Editor’s Note: Once again, KILL ALL THESE BIRDS WITH ONE STONE, Constitutional Government! If a thing is not specifically listed in the Constitution, get the federal government OUT OF IT. Yes that includes the U.N., education, drugs, and Health Care to name a FEW.
There have been many articles in the last year with some variation of the headline “GOP Surrenders on Obamacare.” The stories mostly concern a tendency among some Republican policy elites to adopt the Washington conventional wisdom that Obamacare cannot be repealed because it has already become deeply entrenched in American life.
Those Republicans might want to reconsider. A series of developments in recent days suggests the Affordable Care Act is in perilous condition and could become even more troubled in months to come.
UnitedHealth, the nation’s largest health care company, recently announced huge losses from the sale of Obamacare plans and threatened to pull out of the exchanges altogether. “We cannot sustain these losses,” CEO Stephen Hemsley said. “We can’t really subsidize a marketplace that doesn’t appear at the moment to be sustaining itself.”
The news came on top of weeks of reports of rising costs for consumers. “Insurers have raised premiums steeply for the most popular plans at the same time they have boosted out-of-pocket costs such as deductibles, copays and coinsurance in many of their offerings,” The Wall Street Journal reported.
Deductibles and copays, in particular, have shot up so far, so fast, that many Americans feel as if they are paying for a policy but never see any benefit because they have to pay for so much of the costs out of their own pockets.
“We have insurance, but can’t afford to use it,” one New Jersey man told The New York Times.
Even with the higher rates, there’s word insurance companies might have to raise rates even more next year — or get out of the Obamacare business altogether. “Every health plan I talk to tells me that they don’t expect their Obamacare business to be profitable even in 2016 after their big rate increases,” insurance analyst Bob Laszewski wrote Thursday. “That does not bode well for the rate increases we can expect to be announced in the middle of next year’s elections.”

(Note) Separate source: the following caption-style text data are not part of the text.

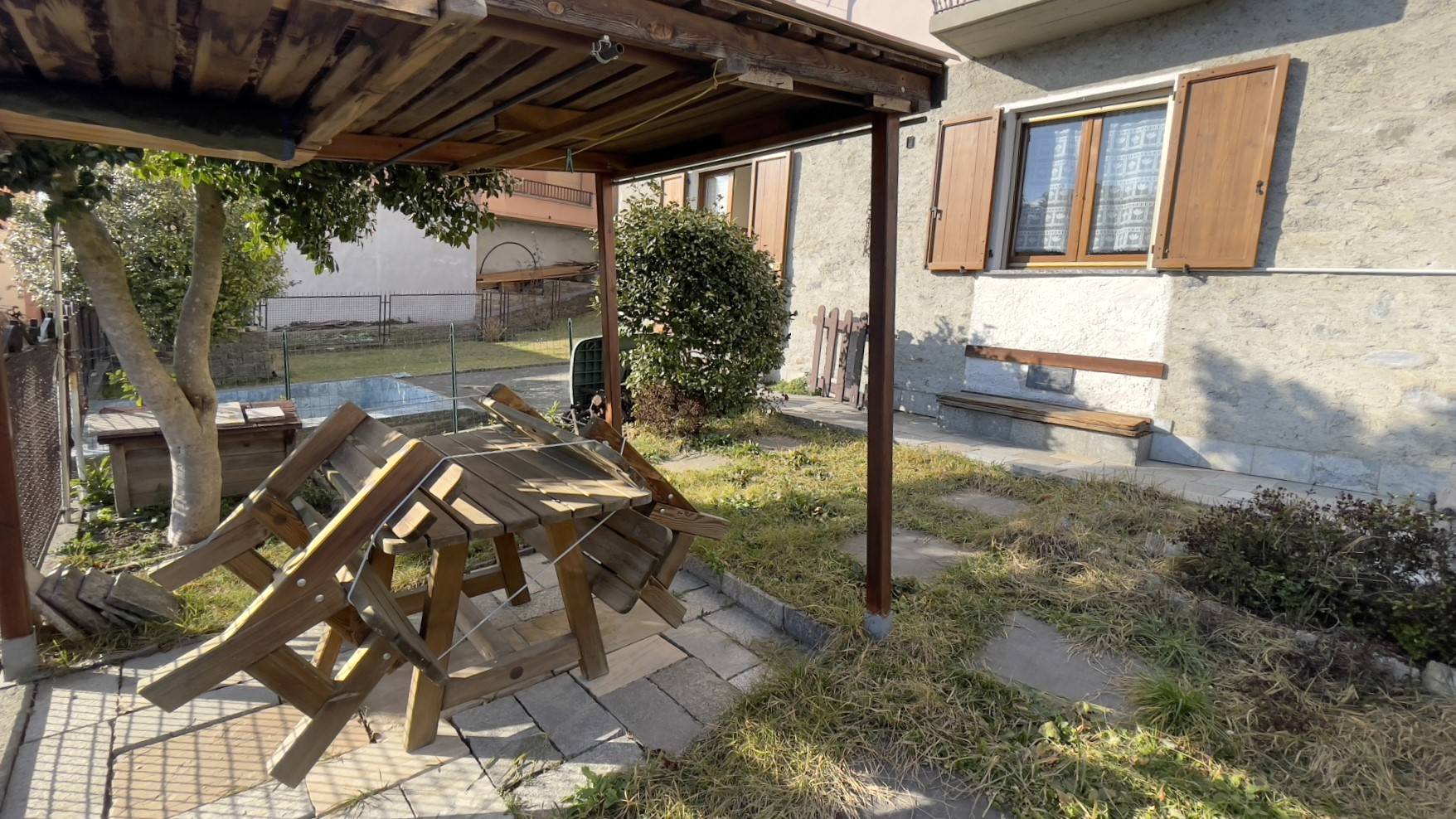 Appartamento in vendita a Buglio in Monte, 3 locali, prezzo € 43.000 | PortaleAgenzieImmobiliari.it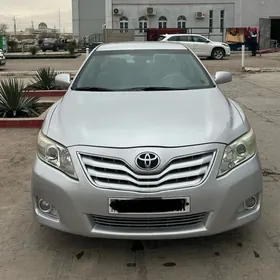 Toyota Camry 2010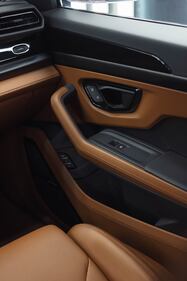 Urus 7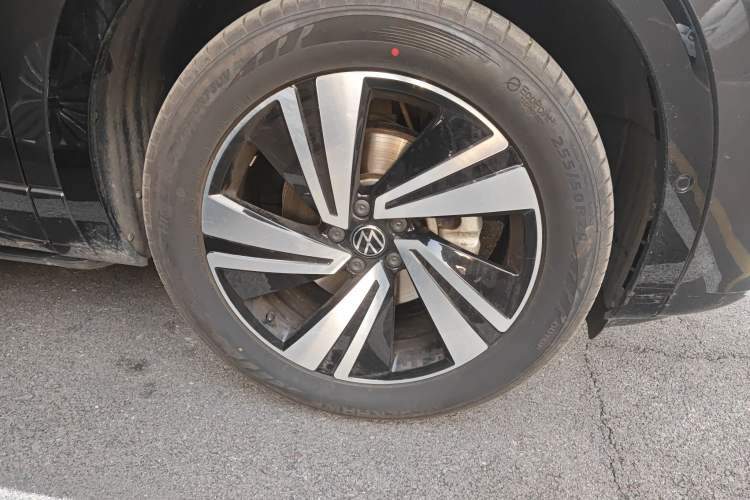 Used Volkswagen Tavendor 2024 380TSI All-Wheel Drive R-Line Cruise Edition
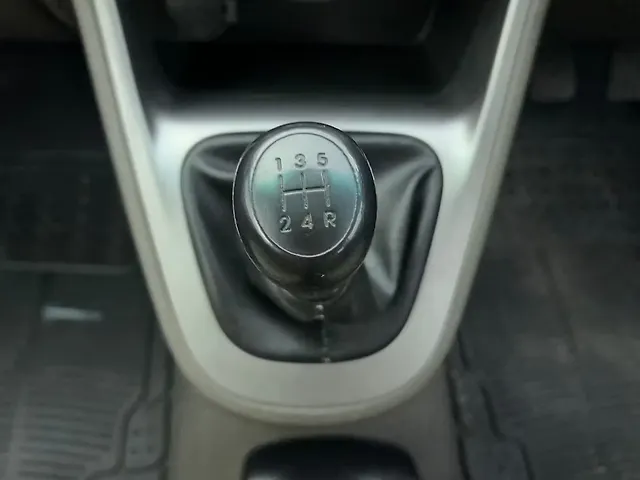 Used Hyundai i10 [2010-2017] Magna 1.1 iRDE2 [2010-2017] in Ahmedabad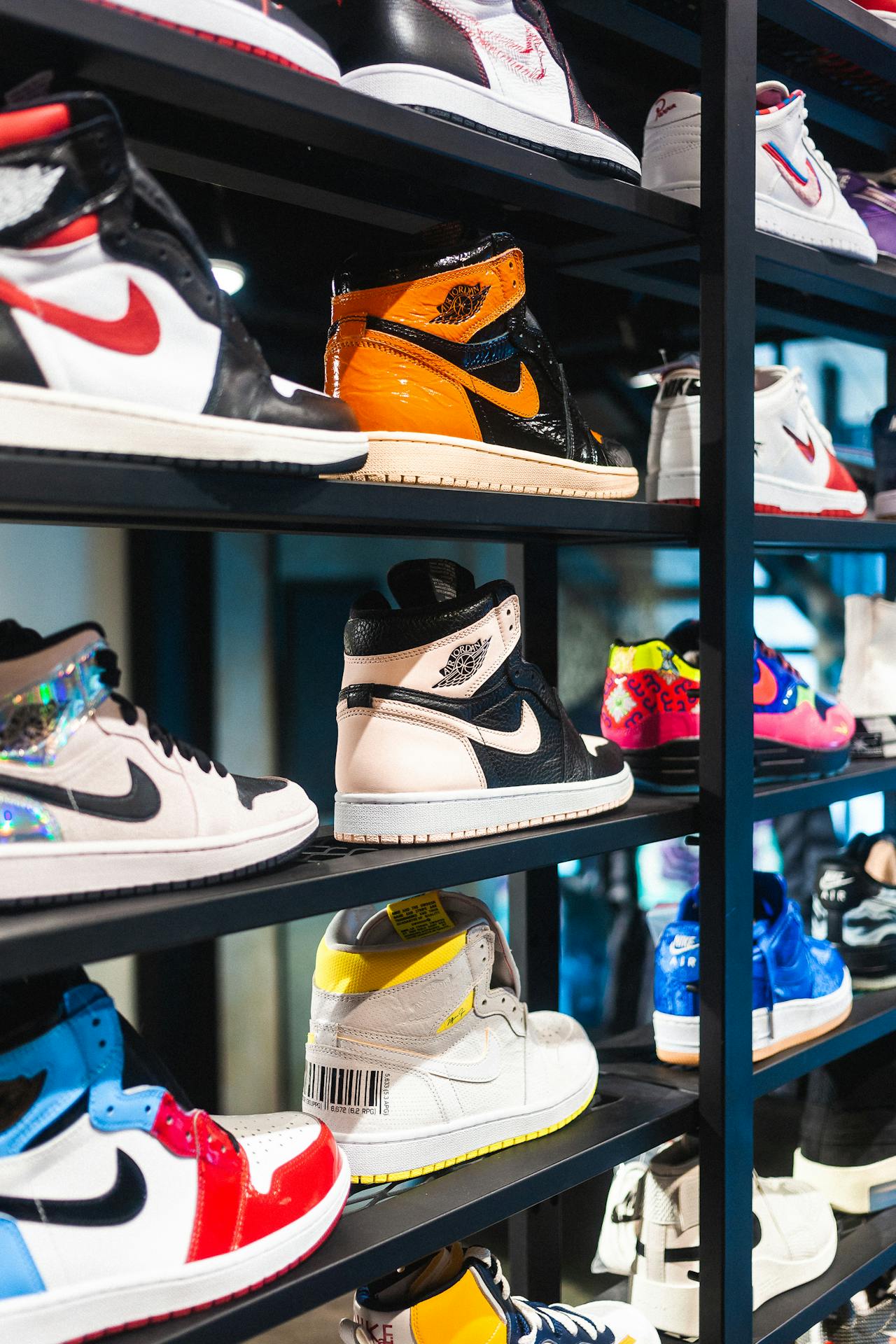 Zapatillas de marca en el escaparate de una tienda | Fuente: Pexels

The problem is pretty simple: Not enough Americans, and certainly not enough healthy Americans, are signing up for coverage through Obamacare. And they’re not doing it because it’s not a good deal for them.
A study published by the Robert Wood Johnson Foundation in October found that about 24 million Americans are eligible for tax credits — subsidies — to buy insurance through Obamacare. This year, about 10 million of them selected plans, with about 8.6 million actually paying the money and enrolling.